Siblings Hans and Sophie Scholl, fellow students Alexander Schmorell and Christian Probst, and Kurt Huber, professor of philosophy, were the key members of the Munich-based resistance movement against the Nazis in 1942–43 known as the Weisse Rose (White Rose). All were executed by guillotine. A small exhibition about their work is in the inner quad of the university, where the Scholls were caught distributing leaflets and denounced by the janitor. A memorial to White Rose is just outside the university.

Dreifaltigkeitskirche

Altstadt

Built to commemorate Bavaria's part in the War of Spanish Succession, further motivation for the construction of this church was a prophecy from the devout Maria Anna Lindmayr that if the city survived the war intact and a church was not erected in thanks, the city was doomed. The city was saved and a church was built between 1711 and 1718. It has a striking baroque exterior, and its interior is brought to life by frescoes by Cosmas Damian Asam depicting various heroic scenes. Remarkably, it is the only church in the city's Altstadt spared destruction in the war.

Feldherrnhalle

Altstadt

Erected in 1841–44, this open pavilion, fronted with three huge arches, was modeled on the 14th-century Loggia dei Lanzi in Florence. From Odeonsplatz, it faces Ludwigstrasse, with Siegestor in the distance, and was built to honor Bavarian military leaders and the Bavarian army.
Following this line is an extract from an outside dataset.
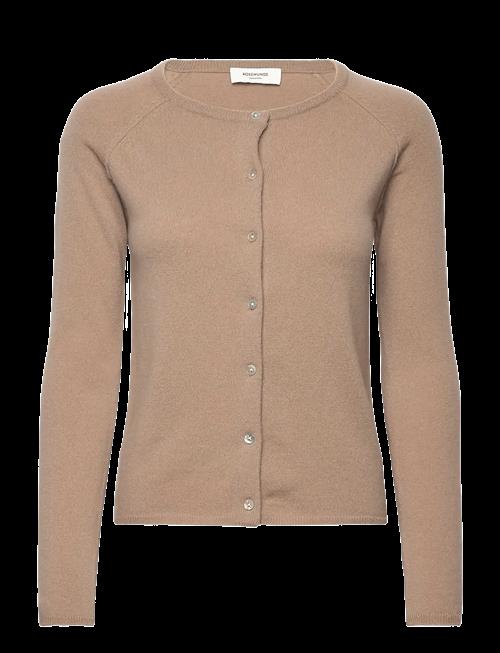 Rosemunde | Rwlaica Cashmere Ls O-Neck Raglan C | S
Two huge Bavarian lions are flanked by the larger-than-life statues of Count Johann Tserclaes Tilly, who led Catholic forces in the Thirty Years' War, and Prince Karl Philipp Wrede, hero of the 19th-century Napoleonic Wars. It was turned into a militaristic shrine in the 1930s and '40s by the Nazis, to whom it was significant because it marked the site of Hitler's failed coup, or Putsch, in 1923. Hitler installed a memorial in 1933 to commemorate the Nazis killed that day, and during the Third Reich, all who passed the guarded memorial had to give the Nazi salute. Viscardigasse, a passageway behind Feldherrnhalle linking Residenzstrasse and Theatinerstrasse, which became known as Drückebergergasse (Shirkers' Lane), was used as a bypass by those who didn't want to salute the memorial. The memorial was removed in 1945.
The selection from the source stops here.